As shown in Figure 11, the Scale Out Fabric interconnects the NICs coupled with the GPUs in an XE9680 to build a GPU cluster including more than a single node. The Scale Out Fabric is used by the set of GPUs composing a GPU cluster to exchange AI workload parameters.
When deploying a Scale Out fabric, keep the following in mind:
- No EVPN VXLAN BGP is deployed as the networking protocol since multi-tenancy GPU service is not a requirement. It is best to deploy plain BGP as the network protocol in the fabric.

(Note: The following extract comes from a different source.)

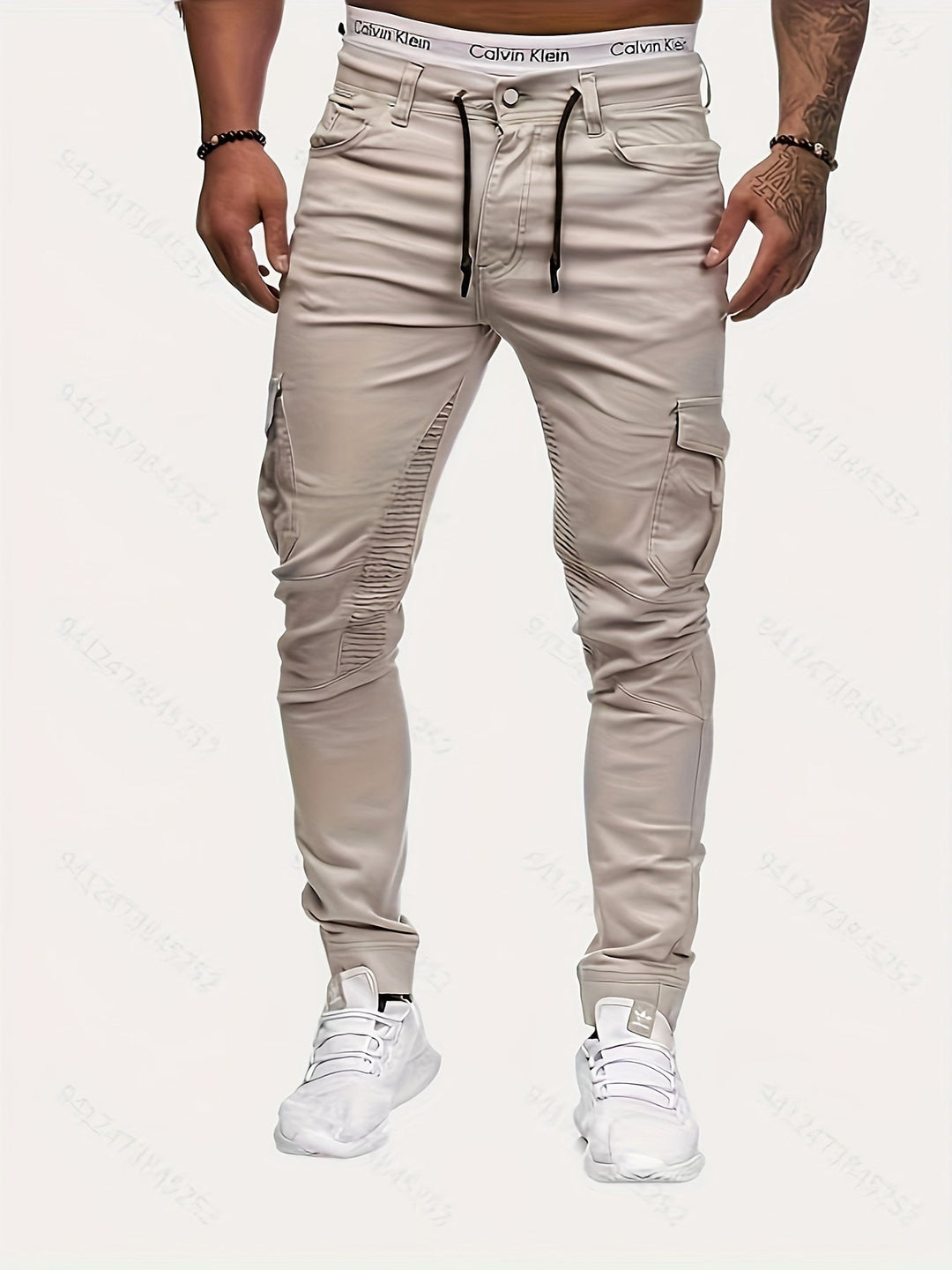 Daan Men's Chic Stretch Pants in Streetstyle-S-Beige-State of Style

- Switch redundancy, such as MC-LAG is not needed. Link redundancy is achieved by multiple active links between leaf and spine, as well as GPU connections to multiple leaf switches.
These are guidelines to keep in mind and it is certainly not an exhaustive networking design checklist. Fabric configuration requires detailed planning and design throughout the entire deployment cycle.

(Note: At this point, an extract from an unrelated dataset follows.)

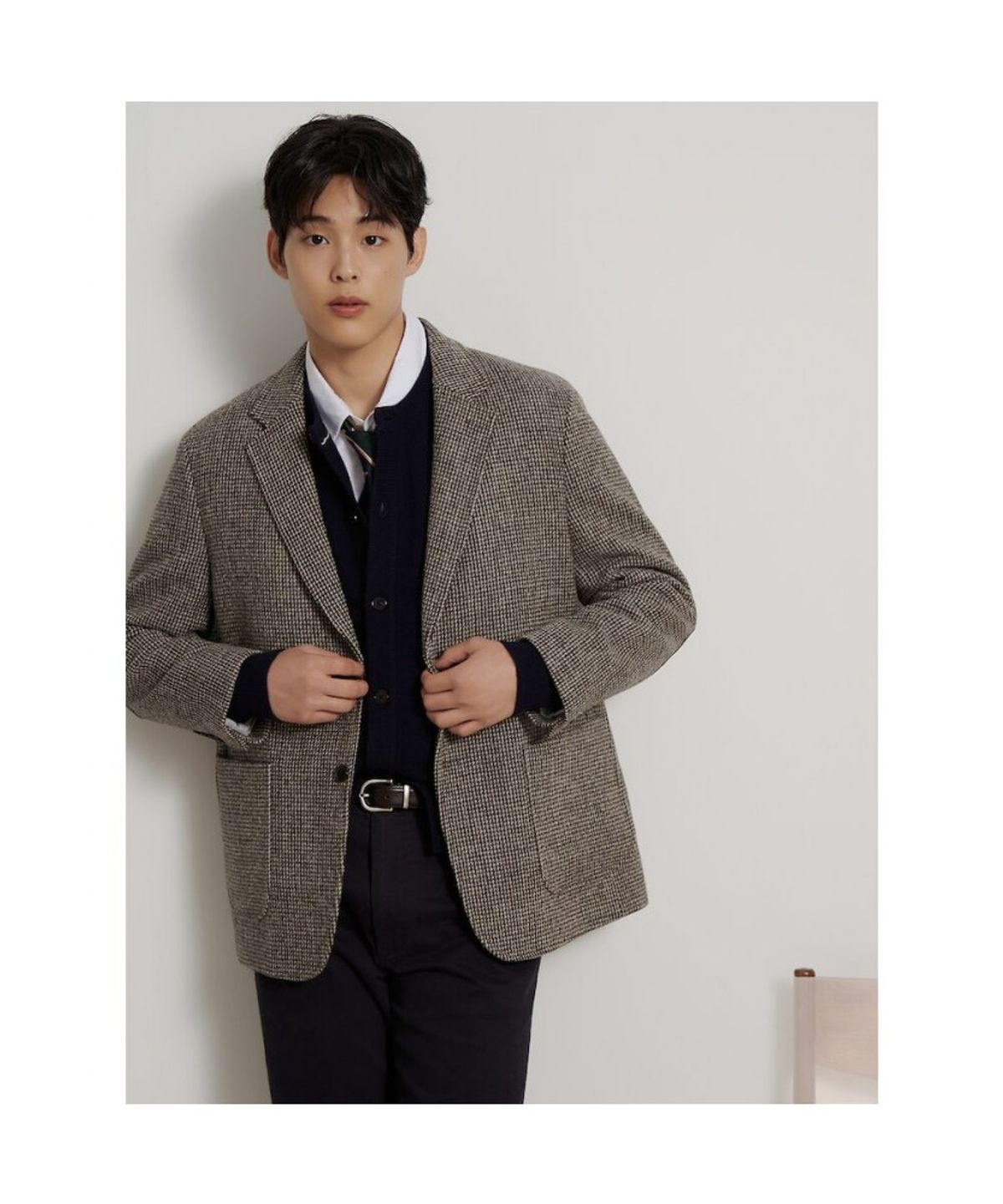 빈폴 멘(BEANPOLE MEN) 해리스 트위드 미니 체크 재킷  베이지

Multiple topologies can be used to build a Scale Out Fabric:
- Single Switch topology
- TOR-Wired Clos topology
- Pure Rail topology
- Rail Optimized topology
Single switch topology
The first and simplest Scale Out Fabric topology is the single switch topology, which is the simplest instance of a TOR-Wired Clos topology. Figure 12 shows the connectivity properties of the TOR-Wired Clos topology.As shown in Figure 12, this topology enables direct Scale Out Fabric communication between any GPU pairs without involving the Scale Up Fabric. For example, GPU 4 on Server 1 can directly communicate through NIC 4 on Server 1 with GPU 8 on Server 2, because the single switch topology (or TOR-Wired Clos topology) enables NIC 4 on Server 1 to communicate with NIC 8 on Server 2, and NIC 8 on Server 2 is coupled with GPU 8 on Server 2.

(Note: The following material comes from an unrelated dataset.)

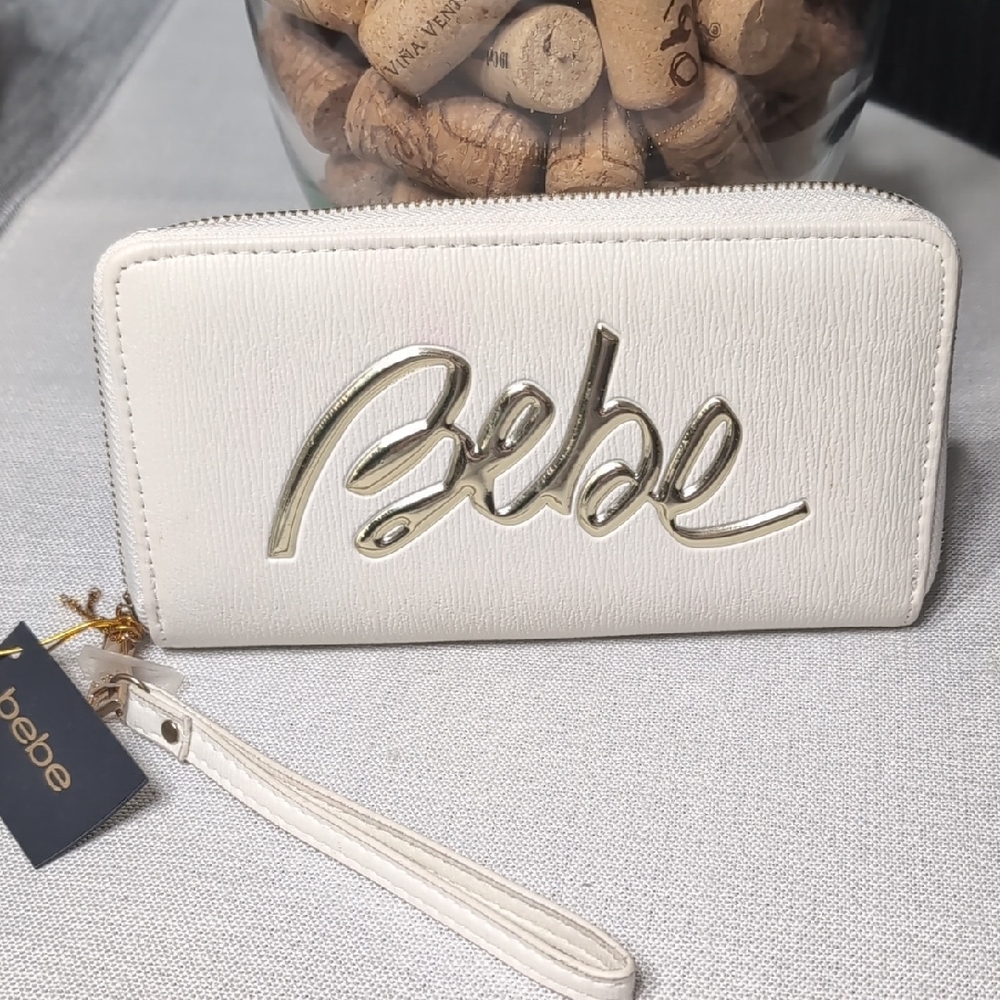 bebe White Zip Wristlet Clutch with Gold Logo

The following items characterize a single switch topology:
- Single Dell PowerSwitch Z9864 (or Z9664F-ON) switch
- 1 to 16 (or 1 to 8) Dell PowerEdge XE9680s
- 8 to 128 (or 8 to 64) GPU cluster
- Layer 2 or Layer 3 with RoCEv2
The connections from each GPU to the switch can be 800GbE or 400GbE.
The Z9864F, Z9664F, and Z9423F are the baseline switches to build a Scale Out Fabric based on this topology.
Figure 13 shows a single switch using the Dell PowerSwitch Z9664F with link speeds of 400GbE supporting a 64 GPU cluster deployment.
TOR-Wired Clos topology
The second Scale Out Fabric topology is the TOR-Wired Clos topology. The connectivity properties of the TOR-Wired Clos topology are shown in Figure 14. This topology enables direct Scale Out Fabric communication between any GPU pairs without involving the Scale Up Fabric, but it is not the recommended topology to build a Scale Out Fabric (see Tradeoffs).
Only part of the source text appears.